Adding monitors for script checks

Check monitoring is a feature to monitor the execution results of a check plugin. The agent will execute the check plugin periodically and send the results to Mackerel. Each check monitor item counts as one host metric. Please refer to Differences between metric monitoring and check monitoring for more information on the differences between check monitoring and the monitoring of host metrics and service metrics.

About check plugins

A program that performs the desired monitoring process is required for check monitoring. We have released an official check plugin pack that can be used for this purpose.
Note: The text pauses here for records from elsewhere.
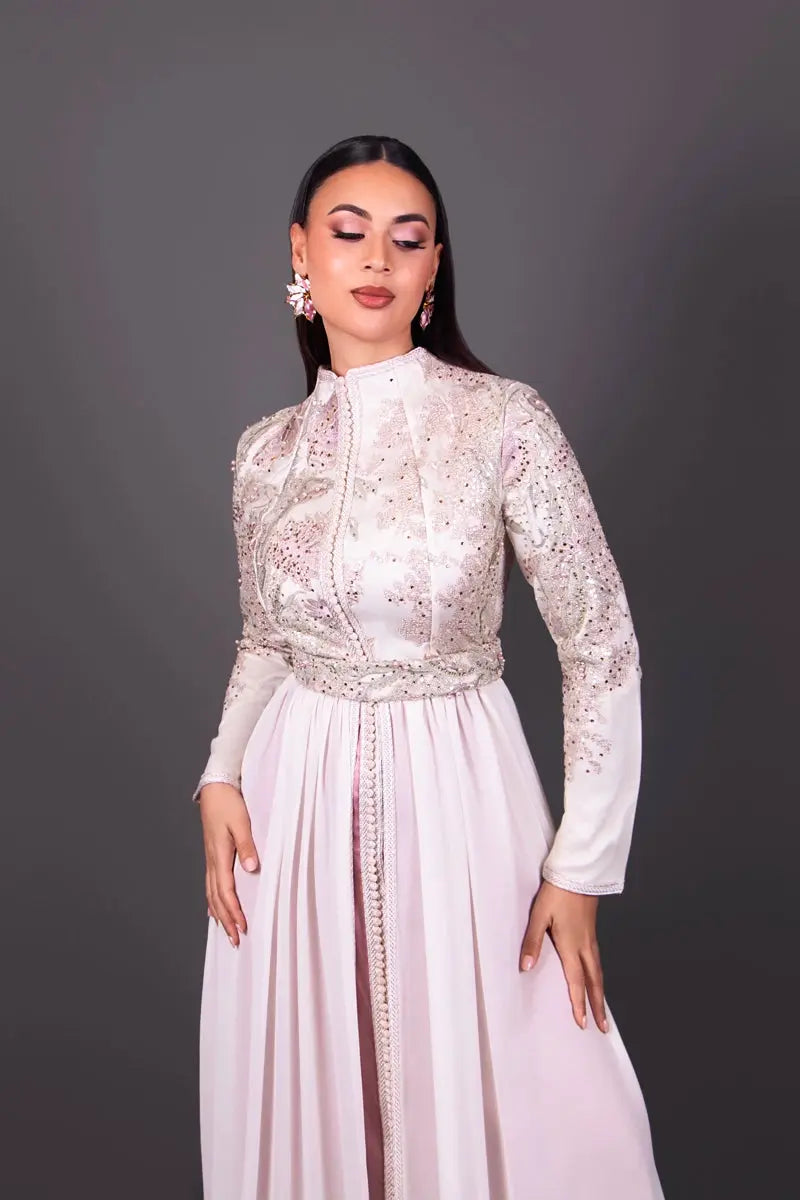 caftan col montant dentelle mousseline écru manches longues 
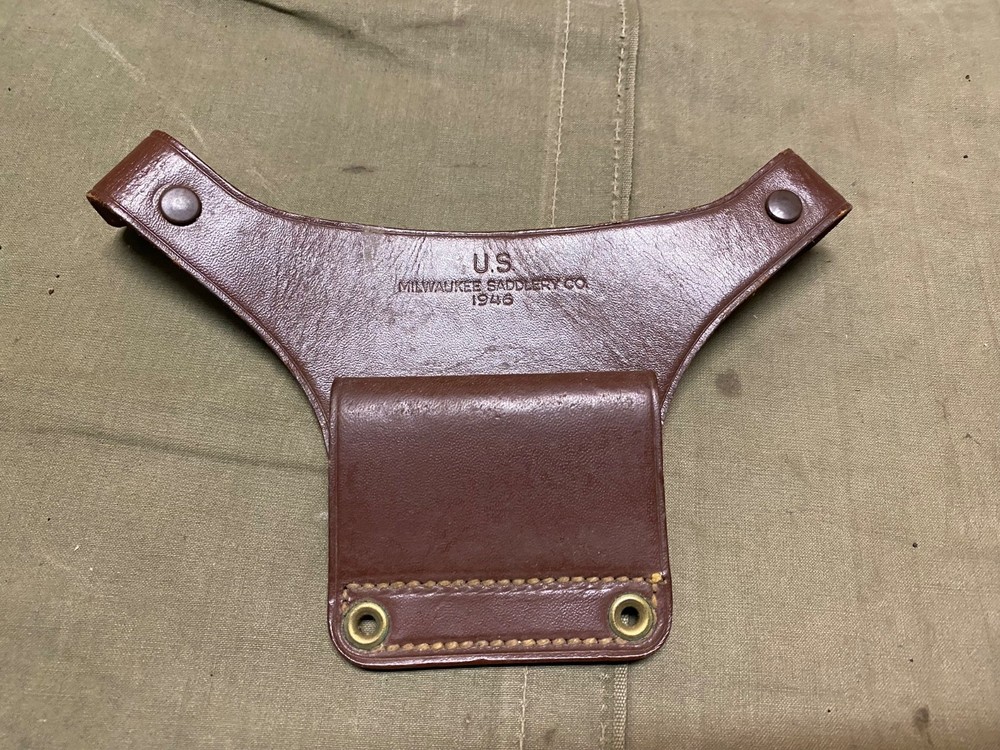 ORIGINAL WWII US ARMY M1942 .45 PISTOL SHOULDER CLUP HOOK HOLSTER HANGER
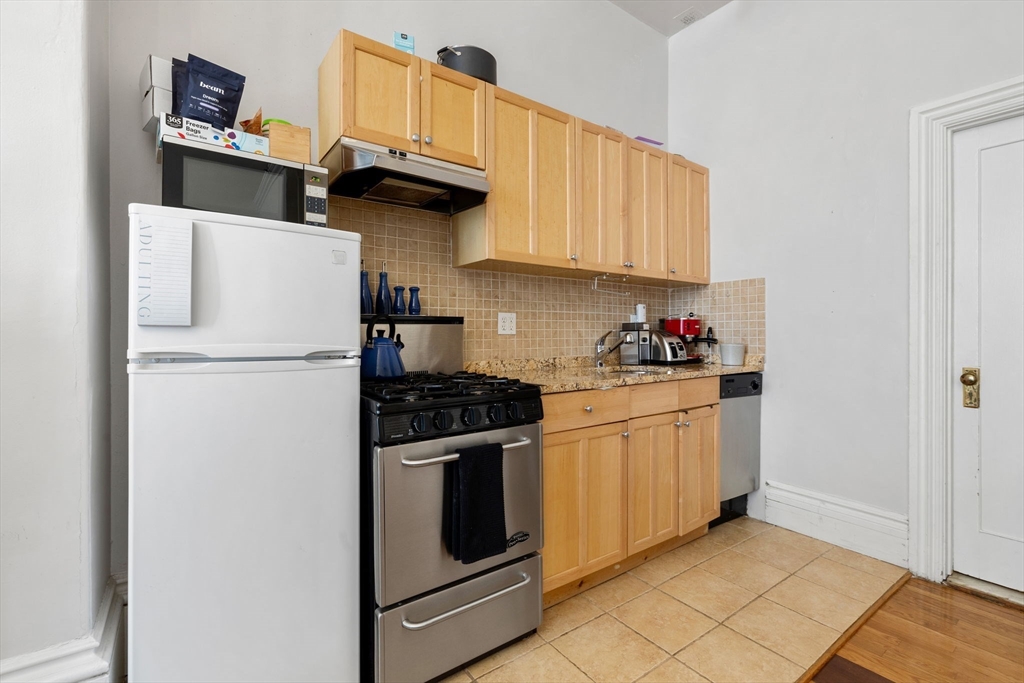 Studio bed, 1 bath apartment for rent at 171 Beacon St Unit 2R, Back Bay — photo 10 of 14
Please refer to Using the official check plugin pack for check monitoring for more information.

Users may also use programs they have created as check plugins. Such programs must perform the desired monitoring process and return an exit status based on the monitoring results. Please refer to Check plugin specs for more information.

Sample agent configuration

Check monitoring settings are added to the Agent configuration file. The following is a sample monitor configuration using a selfmade program named check-ssh.rb. Please refer to Configuration items for a description of each item. Please set the non-required fields as needed.

[plugin.checks.ssh]
command = ["ruby", "/path/to/check-ssh.rb"]
check_interval = 5
timeout_seconds = 45
max_check_attempts = 3
prevent_alert_auto_close = true
notification_interval = 60
custom_identifier = "SOME_IDENTIFIER"
env = { HOST = "hostname", PORT = "port" }
memo = "This check monitor is ..."

Configuration items

As shown in the sample configuration for the agent, it should be followed by the key [plugin.checks.XXX] of the monitoring rule. Each configuration item must be configured for each monitoring rule.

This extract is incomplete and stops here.